Last night the Massachusetts House and Senate nearly unanimously passed the energy bill produced by the conference committee. The bill now goes to Governor Charlie Baker (R), who is expected to sign it.
H.4857 was allegedly a compromise between both chambers, but mostly represents the House forcing its version of energy legislation and killing the more ambitious measures passed in the Senate.
The bill will increase Massachusetts’ renewable portfolio standard (RPS) by 2% each year to 2030 and 1% each year thereafter, resulting in an effective 40% by 2030 and 100% by 2090 – making for a rather absurd version of a 100% renewable energy mandate. H.4857 will also create a target to deploy 1,000 megawatt-hours of energy storage by 2025, as well as requiring an investigation into whether or not the state should procure an additional 1.6 GW of offshore wind.
Additionally, the bill sets in motion the creation of a “clean peak standard” including the creation of certificates to award generation which meets peak demand.
Big concerns for C&I solar
But what is most notable is what the bill does not do. H.4857 does not lift the caps on the state’s net metering policy, which the Senate energy bill did. These caps have already been reached in three utility service areas for either private installations, and two for public installations, which covers large parts of the state.

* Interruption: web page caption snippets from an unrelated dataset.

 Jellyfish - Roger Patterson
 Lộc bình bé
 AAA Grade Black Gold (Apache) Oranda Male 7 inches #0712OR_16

The good news is that solar projects under 10 kW on a single-phase circuit or 25 kW on a three-phase circuit are not affected by the caps, meaning that the large majority of the residential market is exempt. This also explains why Sunrun, which only works in the residential segment, cheered the passage of the bill.
But for the commercial and industrial, government and non-profit installations this is a major problem, at least until the new Alternative On-Bill Credit (AOBC) is instituted through the state’s SMART program. However, not everyone is convinced.
“Unfortunately, while the AOBC value (= basic service rate) is acceptable, the utilities appear to have successfully limited ones ability to allocate those credits to an off-taker account,” Russ Aney, the CEO of Avid Solar, told pv magazine. “Those restrictions (yet to be finalized by the DPU) make for a weak substitute for a net metering credit.”
MMRC issues
There are also concerns regarding the language around demand charges. While everyone pv magazine spoke to about this bill agrees that H.4857 will force Eversource to re-file its demand charge – the first ever allowed for residential customers by a state regulatory body – the language does enable other kinds of demand charges.
And while Sunrun issued a statement applauding legislators for their work to “stop mandatory punitive demand charges”, Avid Solar’s Aney has a different take. He notes that the bill allows demand charge based on system peak, and says that this creates an exemption in the rules big enough for utilities to “drive a truck through”.
“A charge based on ‘system peak demand’ is not the same as determining the charge based on a ‘customer’s peak demand’ during the period of system peak demand,” explaines Aney.
There is an upside in that the solar industry is expected to be better organized to combat Eversource in regulatory hearings, however Aney has expressed little confidence in Governor Charlie Baker’s (R) appointees to the Department of Public Utilities. “The (utilities) will have fun with this one, and this trio of DPU Commissioners will allow them to get away with it,” predicts Aney.
A unreachable target?
A number of organizations including Northeast Clean Energy Council (NECEC) issued statements in support of the bill. But at the end of the day, there are still serious policy challenges for solar in Massachusetts.
Additionally, while the bill has set a relatively ambitious RPS through 2030, it is unclear where all the renewable energy to meet this target will come from, given the slow permitting of offshore wind, NIMBY resistance to onshore wind, and now the barriers to larger solar installations. And while the RPS can be met with out-of-state resources, Maine has put a moratorium on new wind development, and Vermont and New Hampshire are also resistant to developing their scenic countrysides to feed power demand from southern New England.
This is not the first time in New England that an RPS increase has come in the context of barriers to deploying solar. Like Connecticut, Massachusetts is in danger of setting a renewable energy target that it cannot reach.